Having been eager recipients of foreign funding during their “struggle” years, it is not surprising that Ramaphosa is intent on indebting South Africa to international funders to the tune of R1,5 trillion in the name of the bogus energy renewal plan (The Mercury, November 10).
As Western states in the Northern Hemisphere are already experiencing, wind and solar energy sources are no substitute for fossil fuel sources. For South Africa, with its rich coal reserves, to contemplate abandoning coal as the key driver of energy production is a no-brainer. Furthermore, given the already staggering unemployment reality, eliminating coal production would exacerbate unemployment to catastrophic levels.
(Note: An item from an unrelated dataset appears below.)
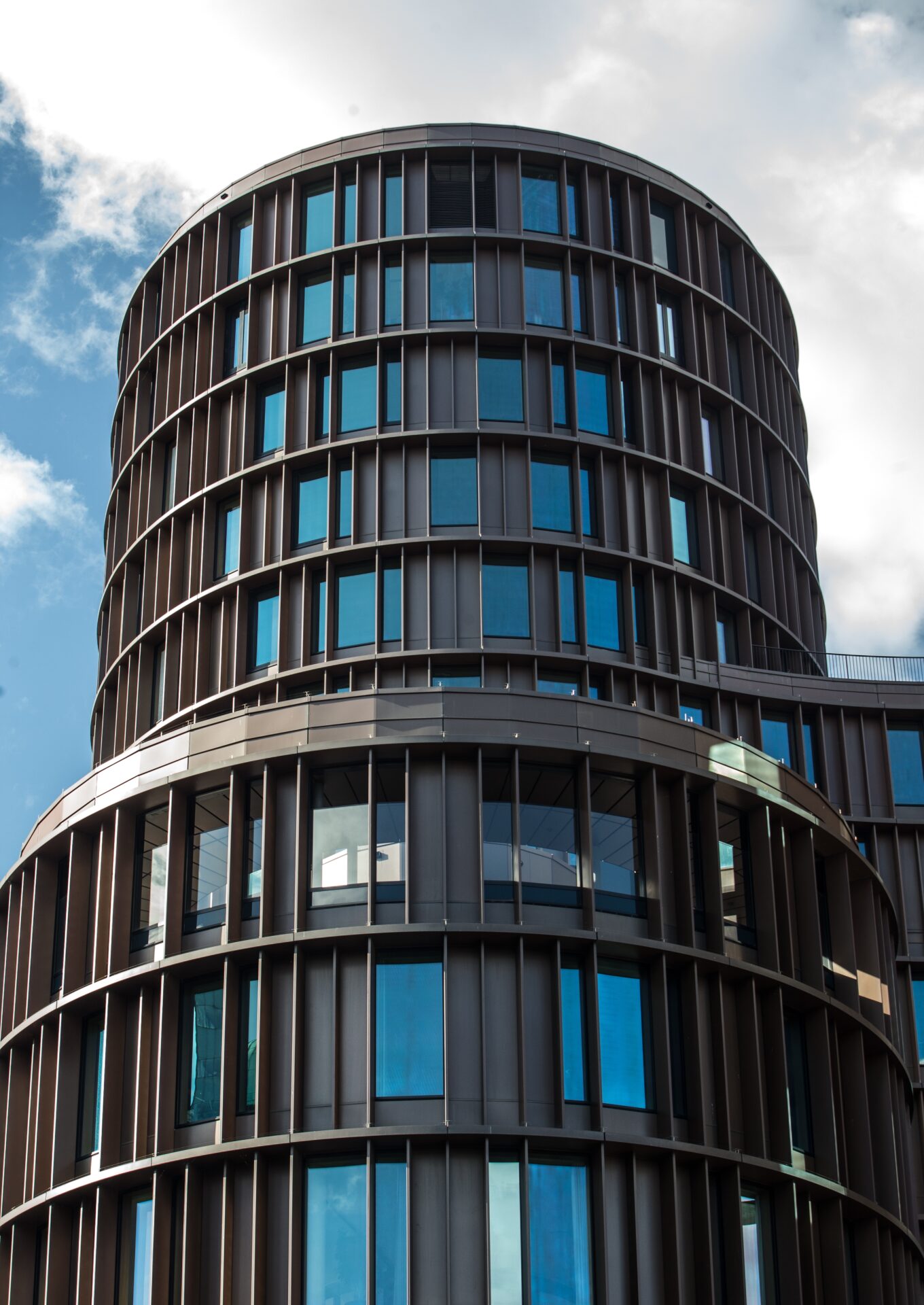 Modern glass office building in Lisbon representing institutional real estate in Portugal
The other unaddressed results would be de-industrialisation, dramatic decline in food production, absence of the means to generate heat and starvation.
Those are the undisputed realities of this mania to end fossil fuels based on the outright lie that fossil fuels are overheating the planet.
Significantly, the different puppet organisations advocating the ban on fossil fuels are silent on the obvious consequences of their pie-in-the-sky energy fantasy because depopulation is the silent part of their agenda.
Research on the three “organisations” cited in supporting Ramaphosa’s trillion Rand sell-out shows that they are all beholden to the same set of funders. 350 Africa.org is based in Boston and obtains 60% of its funding from two donors, which their 2020 financial statement declines to name. The African Climate Reality Project, founded by failed environmental alarmist Al Gore, is based in Washington DC and derives 99% of its funding from a major donor. The Centre for Environmental Rights, based in Cape Town has seven foreign funders, the most significant one, being the new world order Soros Open Society Foundation.
None of the three cited above represents South Africa’s sovereign interests. Each of them purveys the narrative prescribed by their funders. That is the context of their support for the non-existent climate crisis in which Ramaphosa is ensnaring South Africa.